The consultation proposes that three types of corporate transaction should trigger the need for a declaration of intent by sponsoring employers or parent companies in consultation with trustees (page 14). We note that this requirement is intended to enable trustees to better engage with TPR, over concerns that such a transaction will put their scheme at risk.
As with the parameters for notifiable events, and particularly given the likely increase in penalties, the corporate transactions will need to be clearly defined with a view to minimising the scope for debate as to whether the requirement for a declaration applies, and prevent uncertainty as to when a declaration will be required.

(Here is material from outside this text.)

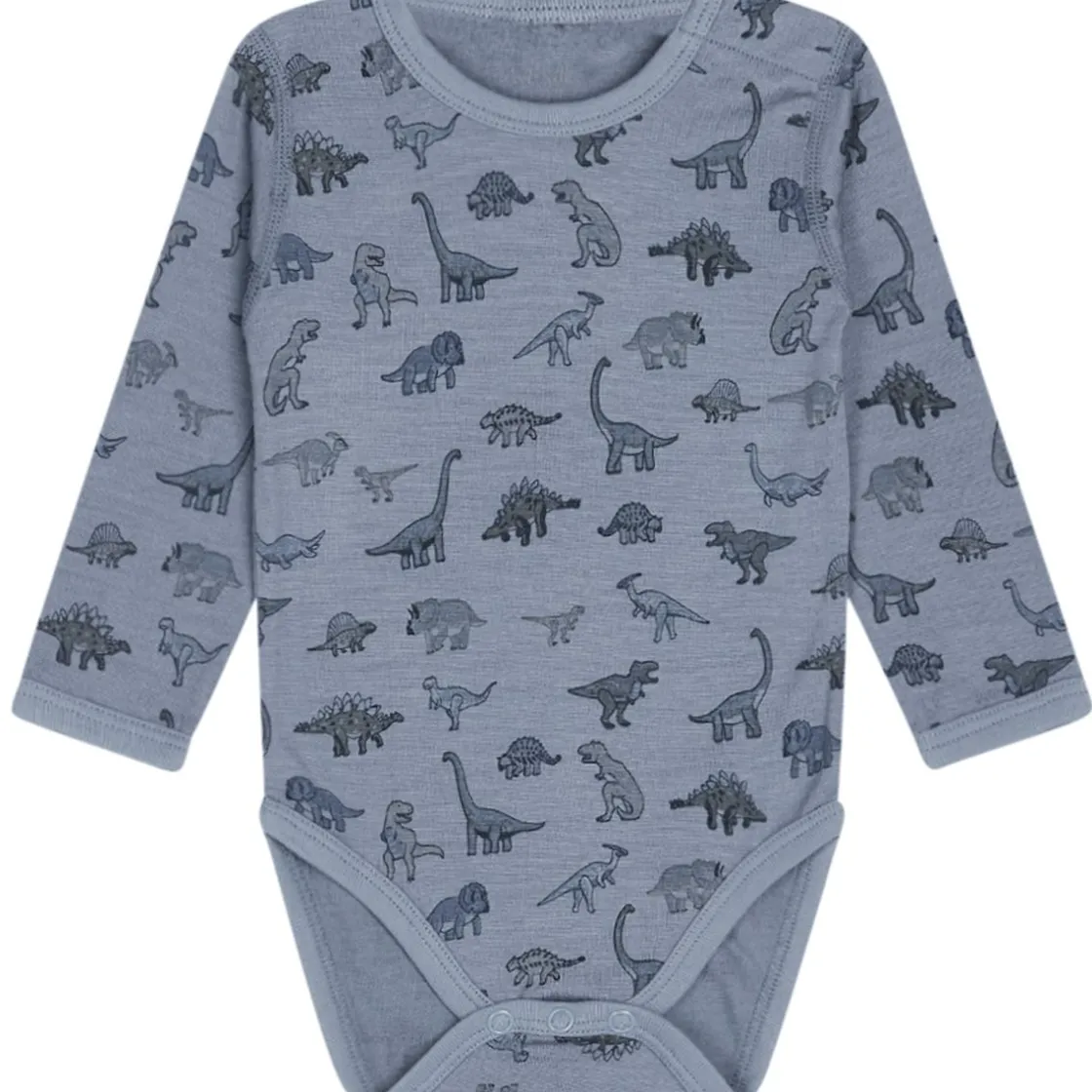 Best Hust & Claire Birk body i ull/silke, Blue wind Ullbody Og Ullgensere Baby | Ullbodyer Baby Gutt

Also, as with notifiable events, we think it is important to consider whether this will in fact provide the early warning desired. Ideally, this kind of information sharing should already happen as a matter of course, where possible within the restrictions on public company transactions. For schemes with open channels of communication between the trustees and scheme sponsor, it can be part of normal business behaviour. However, we envisage a risk that for some employers, the requirement to produce such a declaration would in practice be reduced to a box ticking compliance exercise. As such, trustees would be unable to give much weight to the declaration.
In our experience, it can be of value for trustees to raise any concerns directly with TPR. Where this is done, swift support from TPR can help address those concerns.
When the clearance regime was first introduced in April 2005, it was common for employers to apply to TPR for clearance ahead of many transactions. However, the practice of not clearing transactions where TPR does not consider clearance is needed has lead to employers rarely seeking clearance, and instead satisfying themselves that they have mitigated the impact for the pension scheme. While this can lead to perfectly good outcomes for schemes, this is not always the case and it does tend to lead to TPR not being given information as early as might be the case if a clearance application was being made.
We believe that TPR’s review of the existing clearance regime should look at how to make the regime simpler and easier to use. It would also be helpful to include, as part of the clearance guidance, a section for trustees on issues to consider / steps to consider taking, on receipt of a declaration of intent (assuming this measure is introduced).
Information gathering and inspection powers
In our view, the ability for TPR and trustees to have relevant information in a timely fashion, is a crucial element towards protecting DB schemes. However, we recognise this can be difficult to police.
In terms of existing powers to obtain disclosure of corporate information, The Occupational Pension Schemes (Scheme Administration) Regulations 1996 (SI 1996/1715), for example, impose a duty on sponsoring employers (and their auditors and actuaries) to disclose on request, “such information as is reasonably required for the performance of the duties of trustees or managers or professional advisers” (regulation 6(1)(a)). The regulations also impose a duty on employers to disclose the occurrence of any event relating to the employer which they have “reasonable cause to believe will be of material significance in the exercise by the trustees or managers or professional advisers of any of their functions”.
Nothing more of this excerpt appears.